Was wir hier und heute in den Hamburger Pflegeheimen erleben, ist nur ein weiteres eklatantes Beispiel für die katastrophalen Folgen der rücksichtslosen Privatisierungspolitik des Hamburger CDUSenats aus der letzten Periode. Wie schon beim LBK wiederholt sich auch bei den Pflegeheimen das gleiche Trauerspiel in der gleichen Reihenfolge. Für die Beschäftigten und die kranken oder pflegebedürftigen Menschen ist dies allerdings bitterer Ernst. Sie sind die Leidtragenden. Zuerst wird hoch und heilig versprochen, durch die Privatisierung werde alles besser, vor allen Dingen die Pflegequalität, keinem Mitarbeiter gehe es nach der Privatisierung schlechter, eher umgekehrt, die Privaten blieben im Arbeitgeberverband, die Tarife des öffentlichen Dienstes gelten weiter und die Beschäftigungssicherung ebenfalls. Doch die Tinte unter dem Kaufvertrag ist noch nicht trocken, da folgt das böse Erwachen. Zuerst wird aus dem Arbeitgeberverband ausgetreten, dann werden die Löhne abgesenkt und schließlich werden Beschäftigungssicherung und Kündigungsschutz liquidiert. Dieser rücksichtslose und zynische Wortbruch der privaten Kapitaleigner ist der wirkliche Grund, warum die Beschäftigten in der Pflege ihre Enttäuschung und ihren Protest auf die Straße tragen. Darum unterstützen wir diese Kolleginnen und Kollegen und tragen ihren berechtigten Protest auch hier in dieses Parlament.

(Beifall bei der SPD und der LINKEN)

Ja, wir leben auch hier in Hamburg in einer alternden Gesellschaft.
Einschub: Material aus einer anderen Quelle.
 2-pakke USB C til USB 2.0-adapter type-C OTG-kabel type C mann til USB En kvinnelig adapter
Das wissen wir alle. Und die Altenpflege, ambulant wie stationär, gewinnt dabei wachsende Bedeutung. Es ist also Aufgabe und Verantwortung der Politik, sich darum zu kümmern und den betroffenen Menschen eine Perspektive für ein menschliches Altern zu geben. Aber der Senat macht das Gegenteil. Je größer das Problem wird, desto mehr zieht er sich aus der Verantwortung, erklärt, dass das jetzt der Markt mit seinen privaten Anbietern und Geschäftemachern lösen soll und hält sich da heraus.
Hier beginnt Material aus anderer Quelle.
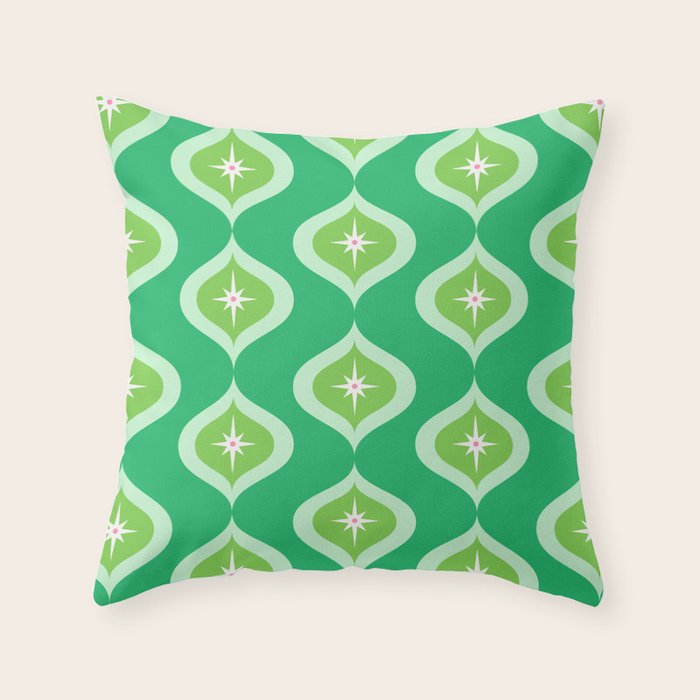 Retro Mid Century Green Ogee Throw Pillow Gallery Image 6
Wenn es Leistungsträgerinnen und Leistungsträger in einer humanen und solidarischen Stadt gibt, dann sind das vor allem die Beschäftigten in der Kranken- und Altenpflege. Das ist ein verdammt schwerer Job. Es ist auch ein hoch verantwortlicher und ein hoch qualifizierter. Deswegen muss er auch leistungsgerecht, das heißt gut entlohnt werden. Privatisierung dagegen ist ein marktwirtschaftlicher Sozialdarwinismus. Auf dem Markt setzt sich der Stärkere durch. Der Stärkere ist nicht der mit der höheren Qualität, sondern der, der seine Beschäftigten am meisten auspresst und damit gegenüber den Konkurrenten Kosten spart. Die In

strumente heißen Tarifflucht, Lohndumping, Arbeitsplatzvernichtung und auch Arbeitszeitverlängerung ohne Lohnausgleich.

(Klaus-Peter Hesse CDU: Ist das eine SPD- oder Gewerkschaftsrede?)
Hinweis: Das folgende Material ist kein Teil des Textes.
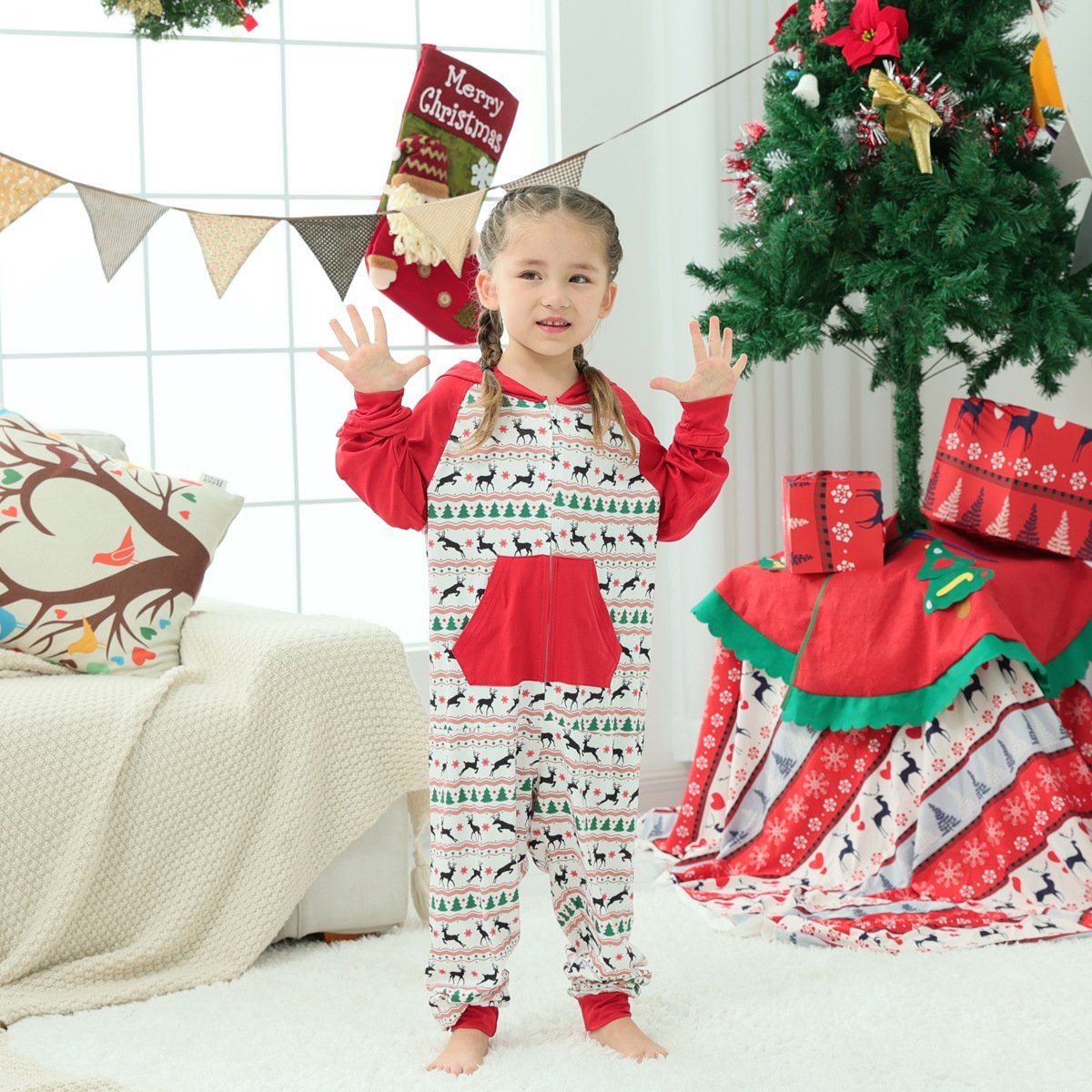 Christmas Family Matching Reindeer Print Onesie Pajamas Sets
Für uns gilt dagegen weiterhin: Auch Gesundheit, Bildung, Wohnen, Energieversorgung und andere Bereiche der Daseinsvorsorge

(Glocke)

sowie das Altern und die Pflege dürfen keine Ware sein.

(Beifall bei der SPD und der LINKEN)

Sorgen Sie dafür, dass auf den Wortbruch reagiert wird …

(Glocke)

Erste Vizepräsidentin Barbara Duden (unterbre- chend): Herr Rose, Sie haben auf die Glocke zu hören und Sie haben seit einiger Zeit das rote Licht.

Ah ja, es blinkt.

Erste Vizepräsidentin Barbara Duden (unterbre- chend): Es blinkt, genau.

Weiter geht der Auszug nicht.